=== AVAILABLE RECORDS ===
● ● ● ● ● ● ●

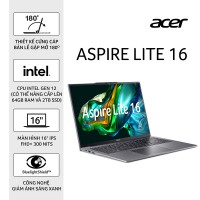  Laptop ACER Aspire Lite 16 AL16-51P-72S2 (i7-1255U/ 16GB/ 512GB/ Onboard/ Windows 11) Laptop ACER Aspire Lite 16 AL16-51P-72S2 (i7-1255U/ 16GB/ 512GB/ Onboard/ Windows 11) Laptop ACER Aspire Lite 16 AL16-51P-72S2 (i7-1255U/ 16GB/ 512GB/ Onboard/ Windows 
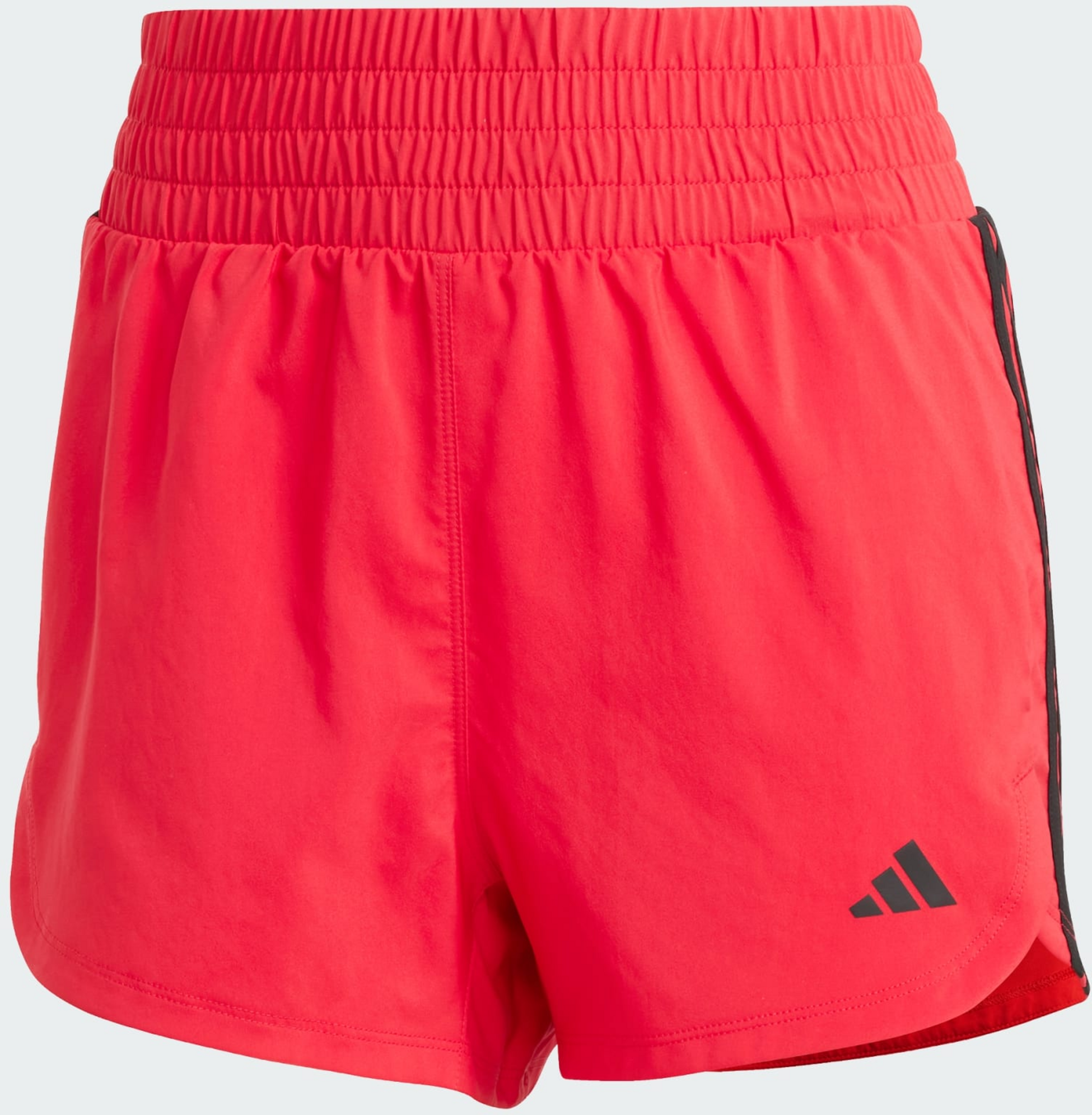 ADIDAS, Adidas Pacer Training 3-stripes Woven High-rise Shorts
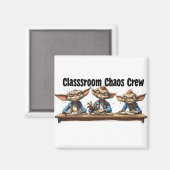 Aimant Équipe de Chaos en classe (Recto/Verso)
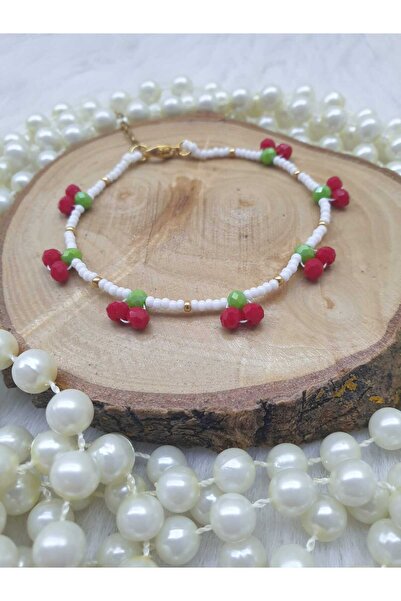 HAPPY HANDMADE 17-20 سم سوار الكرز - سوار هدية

● ● ● ● ● ● ●

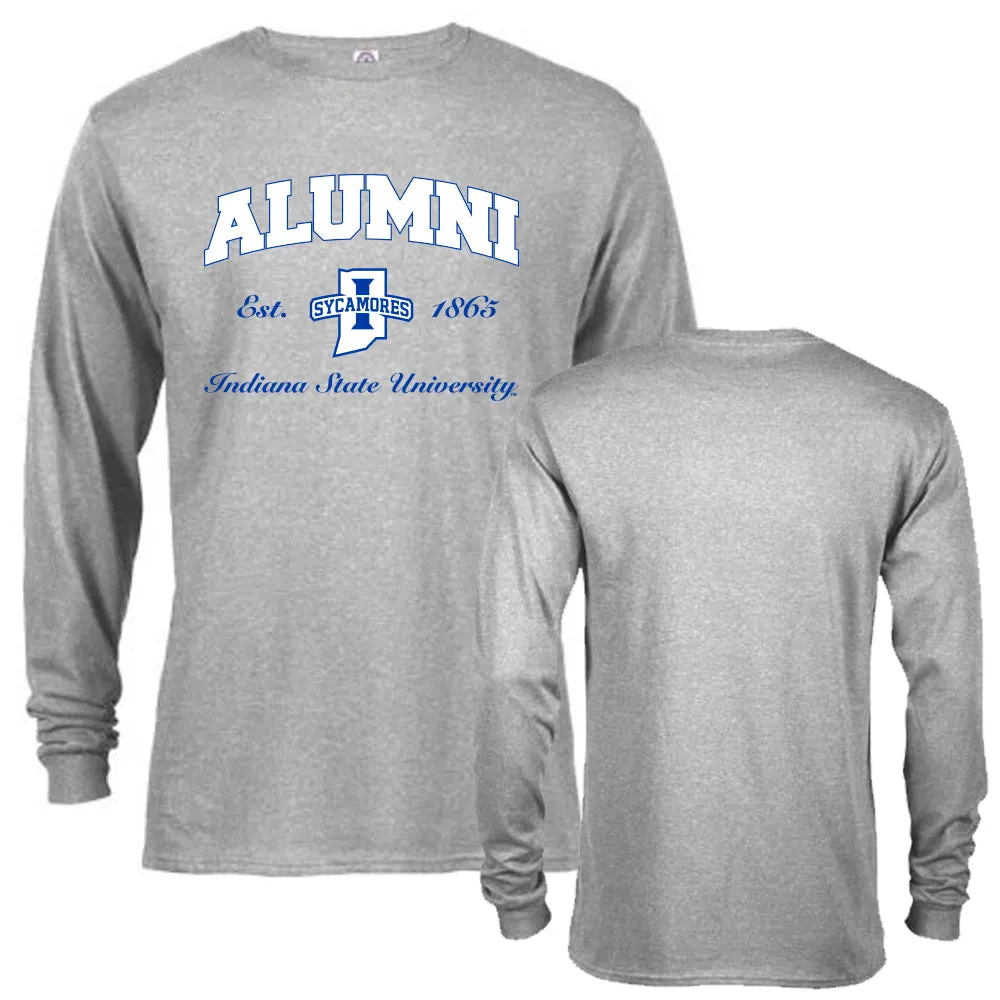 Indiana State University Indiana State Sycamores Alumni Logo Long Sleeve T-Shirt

● ● ● ● ● ● ●

=== PROBLEM TO WORK ON ===
From the line holding "ADIDAS, Adidas Pacer" to the line holding "HAPPY HANDMADE 17-20", both included, retype the entries above exactly and drop the pictures.

=== SOLUTION TO THE EXERCISE ===
 ADIDAS, Adidas Pacer Training 3-stripes Woven High-rise Shorts
 Aimant Équipe de Chaos en classe (Recto/Verso)
 HAPPY HANDMADE 17-20 سم سوار الكرز - سوار هدية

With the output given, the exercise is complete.